A database of the built environment in Chicago

5 stars 1 forks source link

Pull meta descriptions for each dataset #24

Open derekeder opened 11 years ago

derekeder commented 11 years ago

The City does a pretty good job of documenting what each of these datasets are. Can these be pulled from the API?

Example: https://data.cityofchicago.org/Buildings/Building-Footprints/w2v3-isjw

Also, they usually link to a document that defines all the data fields and what they mean. Can we somehow either link to or read this in?

Example: https://data.cityofchicago.org/api/assets/003C600C-3A66-4605-8E7E-2477AAE95E16

mccc commented 11 years ago

It would be cool if we could automatically pull those PDFs, but they seem to usually be linked in free-form 'Description' text fields. It might just involve some super-simple scanning for bit.ly links, if that's the city's standard practice over hundreds of datasets.
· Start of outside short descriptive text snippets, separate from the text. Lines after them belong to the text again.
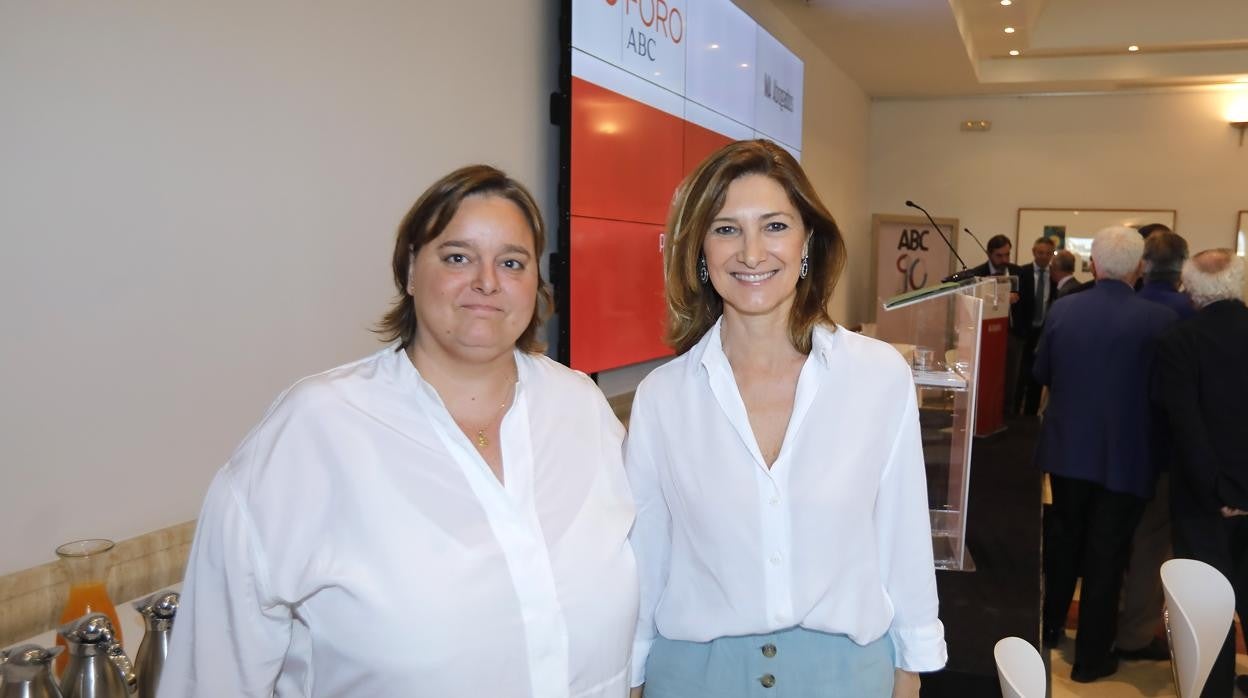 Sofía Acuña, junto a Alicia Martínez, en un acto en la Casa de ABC, en un imagen de archivo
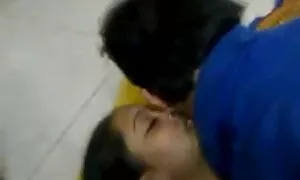 বহু পুরুষের এক বাংলা চুদাচদি নারির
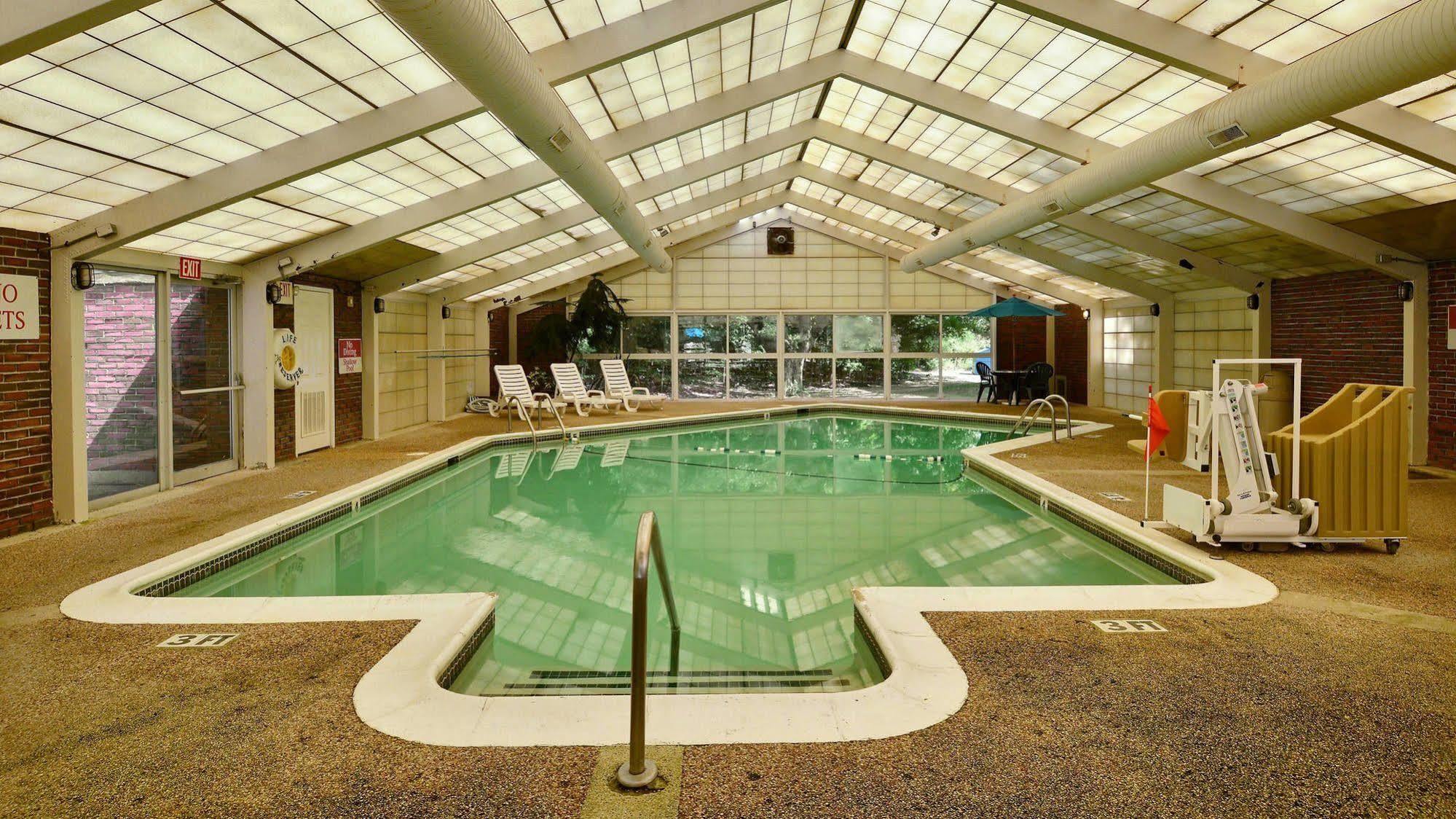 Motel 6-Danvers, Ma - Boston North Екстериор снимка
Re: scraping that document — if only there was a schema for the data dictionary for my schema... [I think this is what Heidegger called "the hermeneutic circle"]

danxoneil commented 11 years ago

Unfortunately, a scan for bit.ly links would not be comprehensive. Here's a example: https://data.cityofchicago.org/Health-Human-Services/Public-Health-Statistics-Gonorrhea-cases-for-femal/cgjw-mn43?.

This is a dataset currently included in this project.

Perhaps just follow and slurp all of the links in each metadata field, them associate them with that dataset, and sort it out by hand later?

Screen Shot 2013-02-14 at 11 46 15 PM